Меньшевики и русская революция (1917-1922 гг.). Проблема политического выбора - Марина Васильевна Пятикова
Шрифт:
Интервал:
Закладка:
Социал-демократы категорически отвергали подмену понятий диктатуры пролетариата и диктатуры партии, так как это противоречило основам научного социализма. «Диктатура пролетариата на основе советской системы»[256], по мнению Мартова, означала попытку установления власти меньшинства над большинством народа. Меньшевики считали, что установление в России диктатуры пролетариата не соответствовало фазе ее общественно-политического развития и отрицали методы осуществления социалистических преобразований, которые фактически использовали большевики. Таким образом, аналогом диктатуры пролетариата в России, по мнению Мартова, должна была стать власть всех трудящихся. В то же время Мартов не считал западноевропейский парламентаризм, как и советскую систему, идеальными формами демократии. В экономической сфере диктатура пролетариата мыслилась в синтезе коллективистского хозяйствования с индивидуальным при возраставшей роли государственного сектора. Исследователь С. В. Тютюкин сделал интересный вывод о понимании проблемы соотношения диктатуры и демократии Мартовым и другими меньшевиками. В частности, он считает, что Ю. О. Мартов в конечном итоге в «Апрельских тезисах», как стали называть его доклад «Диктатура пролетариата и демократия», приблизился к оценке Плеханова об относительной ценности демократии и демократических свобод. Кроме того, исследователь заметил и схожесть взглядов В. И. Ленина и Ю. О. Мартова на соотношение диктатуры и демократии, хотя и отметил принципиальное расхождение в трактовке самого понятия диктатуры и механизма ее реализации[257].

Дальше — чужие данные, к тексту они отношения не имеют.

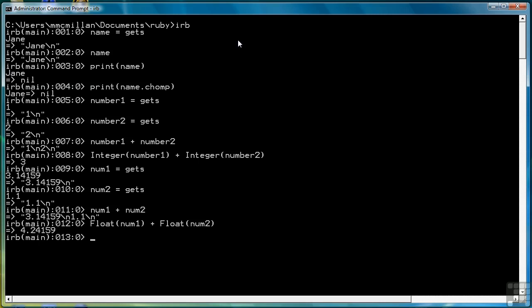And if we want to use numeric values, then we have to use what's called a conversion function, such as integer or float, to convert those from string values to numeric values. So that wraps up this lesson on input using gets, and now we're ready to move to the exercise for this chapter.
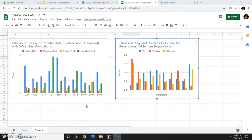When analyzing the data, I looked at two things. First, I looked at the difference between evolved and unevolved fitness to determine whether evolution was successful. Second, I compared the fitness of the prey and predator robots over 50 generations with five-member populations.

Высокая степень применения репрессивных мер советской властью, по мнению лидеров российских социал-демократов, свидетельствовала об экономической отсталости страны, а главное, о политической неподготовленности и непросвещенности масс. Меньшевики отвергали диктатуру пролетариата только в виде советской системы как «единоспасающей панацеи»[258]. В качестве возможных форм пролетарской демократии рассматривались кооперативы, профсоюзы и Советы, а также институты буржуазной демократии – референдум и народная инициатива. По сути, речь уже не шла о диктатуре одного класса. Следует отметить, что в современной исторической науке существует точка зрения, что тогда стоял вопрос о выборе не между диктатурой и демократией, а между различными вариантами диктатуры. Революционный взрыв привел к столь стремительной демократизации политической системы, что в конечном счете она, не выдержав перегрузок, рухнула. Утвердившийся тоталитарный режим перечеркнул результаты политической модернизации страны за все предшествовавшие десятилетия[259].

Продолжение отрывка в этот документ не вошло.